Você compraria um investimento “sem risco” que pode te deixar preso por anos e ainda te pagar menos que o CDI? Pois é exatamente isso que muitos investidores têm feito — embalados pelo discurso sedutor dos COEs, os Certificados de Operações Estruturadas.

Criados para oferecer acesso a estratégias sofisticadas — normalmente restritas a investidores institucionais —, os COEs se tornaram o produto da moda nos bancões de varejo. A promessa é simples: combinar segurança com rentabilidade potencial. Mas, como em qualquer cassino bem montado, é preciso entender que a casa nunca joga para perder.

 

A anatomia de um COE

Na essência, o COE é a soma de dois mundos:

  • Uma parte em renda fixa, que funciona como “colchão de segurança”, garantindo a devolução do capital investido no vencimento (nos COEs com capital protegido).
  • E uma parte em derivativos, usada para tentar capturar ganhos de algum ativo — uma ação, índice, moeda ou cesta de ativos.

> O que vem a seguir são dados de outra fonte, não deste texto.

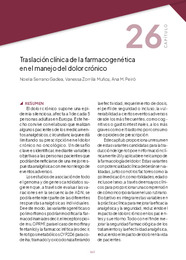 Libro Montes Capítulo 26 traslación clínica farmacogenética en dolor.pdf.jpg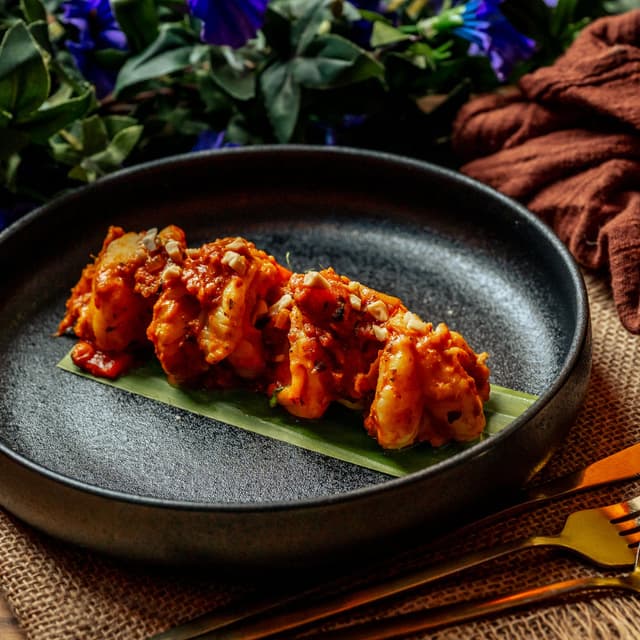 Masala King Prawns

Se o ativo se movimentar dentro do cenário previsto, o investidor ganha.

Se não, leva de volta o principal — e, muitas vezes, leva junto o arrependimento de ter ficado travado por anos sem liquidez.

 

A falsa sensação de proteção

O marketing é poderoso: “capital protegido”.

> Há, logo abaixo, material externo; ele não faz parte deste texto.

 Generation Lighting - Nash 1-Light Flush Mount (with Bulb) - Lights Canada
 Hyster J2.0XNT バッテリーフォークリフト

Mas o termo engana. O COE pode até devolver o valor nominal, mas não protege contra inflação, perda de tempo nem custo de oportunidade.

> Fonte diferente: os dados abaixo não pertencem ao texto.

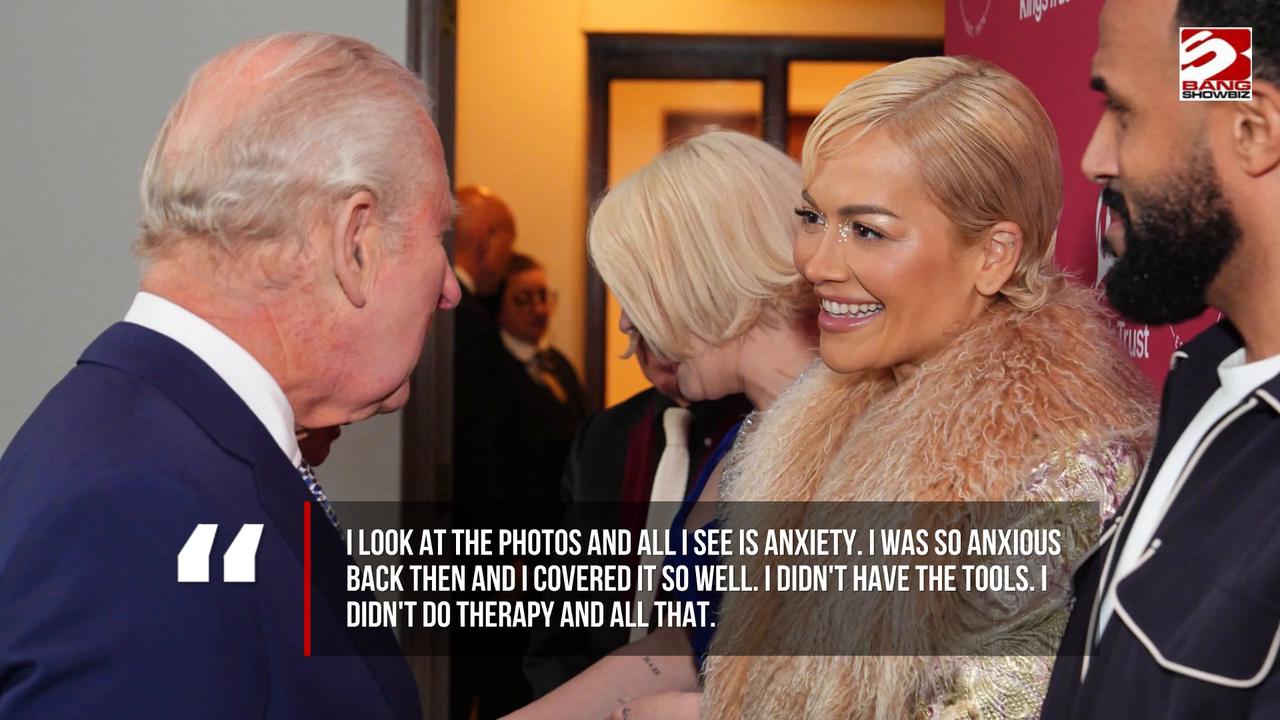 Video thumbnail for Rita Ora's 'severe' anxiety left feet and fingers numb when she first met British royal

Na prática, é como ter que pagar para entrar em um cassino — algo em torno de pelo menos 5% do valor que você vai apostar —, escolher entre o vermelho e o preto, e descobrir que a roleta só vai parar daqui a dez anos.

E mesmo que você acerte e ganhe, a casa já faturou o dela lá na entrada.

Nos COEs sem proteção de capital, o jogo é ainda mais arriscado: o investidor assume todo o risco de perda, mas continua acreditando que está em uma aposta controlada.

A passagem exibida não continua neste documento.